WORK INSTRUCTION: Give again, exactly as written, each line of the material below starting at the line that contains "Cestovni motor s" and ending at the line that contains "Nike Air Force". Both ends count, and no other line does.

SUPPLIED MATERIAL:
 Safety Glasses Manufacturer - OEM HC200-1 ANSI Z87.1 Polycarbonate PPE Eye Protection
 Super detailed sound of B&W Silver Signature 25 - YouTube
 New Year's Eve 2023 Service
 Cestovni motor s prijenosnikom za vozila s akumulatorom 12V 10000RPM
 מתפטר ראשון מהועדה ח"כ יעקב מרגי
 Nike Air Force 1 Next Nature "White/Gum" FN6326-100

---

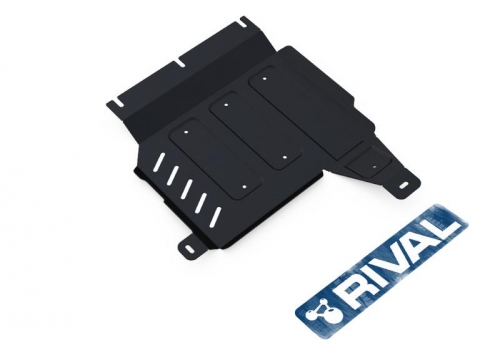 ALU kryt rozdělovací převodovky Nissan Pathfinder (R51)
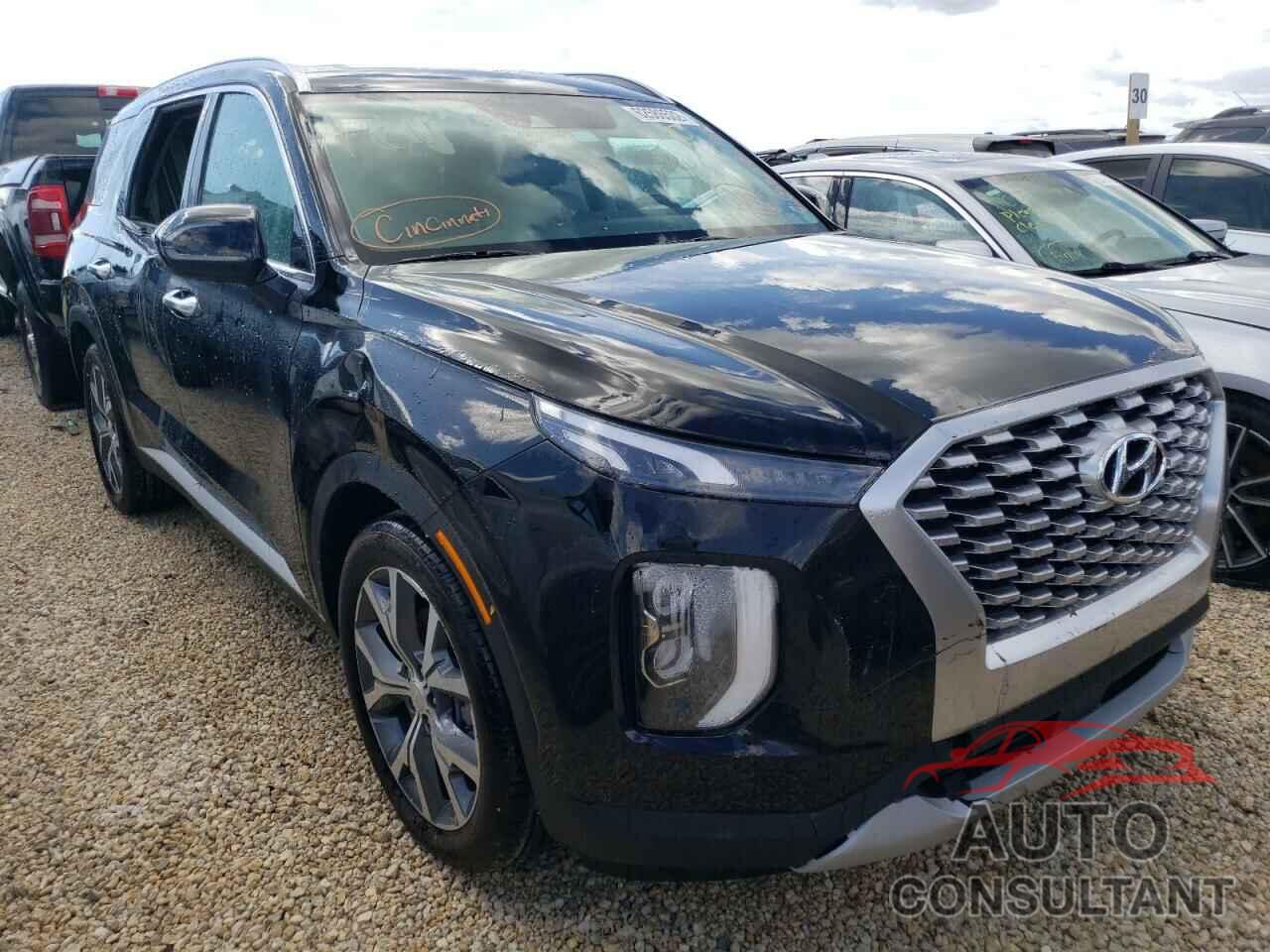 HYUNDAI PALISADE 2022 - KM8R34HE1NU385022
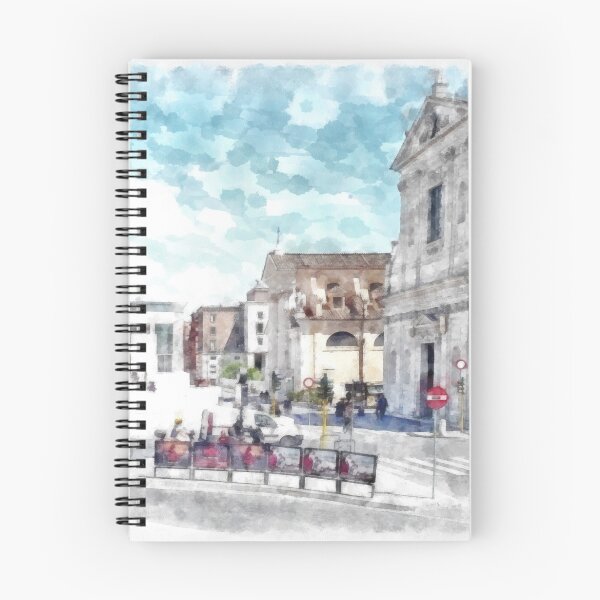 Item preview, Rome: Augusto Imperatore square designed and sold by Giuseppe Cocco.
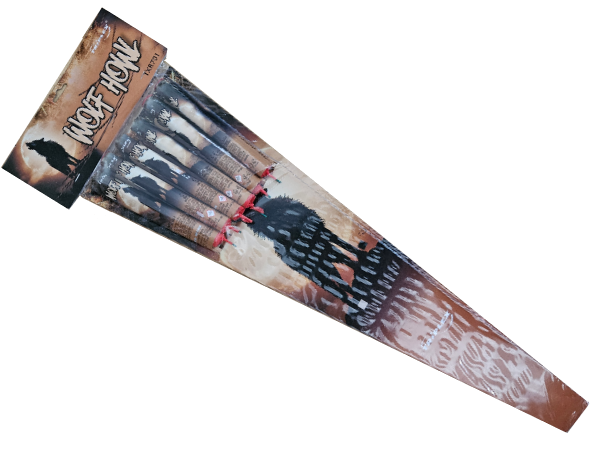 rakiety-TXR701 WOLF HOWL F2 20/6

* * *

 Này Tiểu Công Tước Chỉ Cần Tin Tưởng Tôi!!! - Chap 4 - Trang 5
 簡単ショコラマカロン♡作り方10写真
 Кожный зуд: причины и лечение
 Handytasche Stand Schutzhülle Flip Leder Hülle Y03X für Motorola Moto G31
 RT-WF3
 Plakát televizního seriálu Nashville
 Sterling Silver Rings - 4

REPLY TO THE EXERCISE:
 Cestovni motor s prijenosnikom za vozila s akumulatorom 12V 10000RPM
 מתפטר ראשון מהועדה ח"כ יעקב מרגי
 Nike Air Force 1 Next Nature "White/Gum" FN6326-100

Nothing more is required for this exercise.